The Agent-API Bottleneck
Jan 23, 2024
LLM-based agents bring the promise of the next step-change in the usefulness of generative AI on the road to an AGI (Artificial General Intelligence). Instead of giving AI a task such as “summarise this text” you could give it a goal e.g. “publish a novel about a time-travelling detective" and it could manage the whole process from research through writing, publishing and even marketing with minimal human intervention.
At a high level an agent will make this possible by:
Reasoning about a problem and planning the steps needed to solve it
Interacting with the external environment (using tools such as APIs) resulting in real-world outcomes (an ebook being uploaded to Amazon)
It’s likely that point 1 will require either: some new learning paradigm applied to a pre-trained LLM - perhaps an RLHF variant specifically for an agent, a new pre-training procedure that would do away with autoregressive token prediction or an entirely new architecture (selective state space models are making waves). OpenAI's rumoured Q* model is an example of progress in this area which, according to reports, is able to reason about maths problems.

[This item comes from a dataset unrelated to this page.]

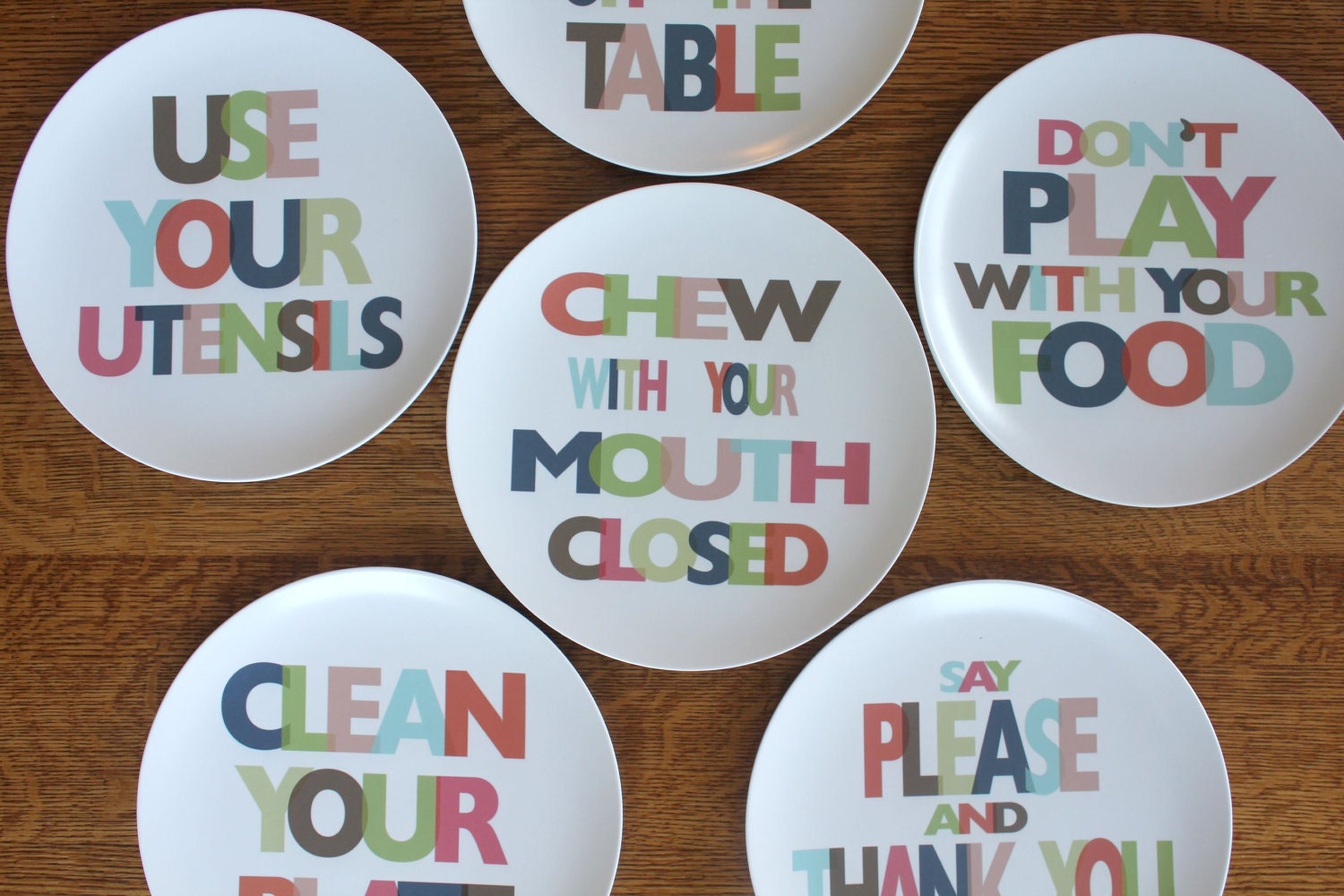 MIND YOUR MANNERS set of 6 Melamine Plates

Point 2, however, is currently being tackled by the open-source and startup community. The prevailing approach involves training an LLM to interface with traditional APIs and to understand when these APIs might be appropriate - tools such as Zapier are relevant here. This will definitely unlock a lot quickly using legacy systems, however we see the predefined / static nature of APIs as a bottleneck to the usefulness of an agent.
We’re in this paradox where LLMs possess vast potential and adaptability, yet they are constrained by the rigidity of tools / APIs.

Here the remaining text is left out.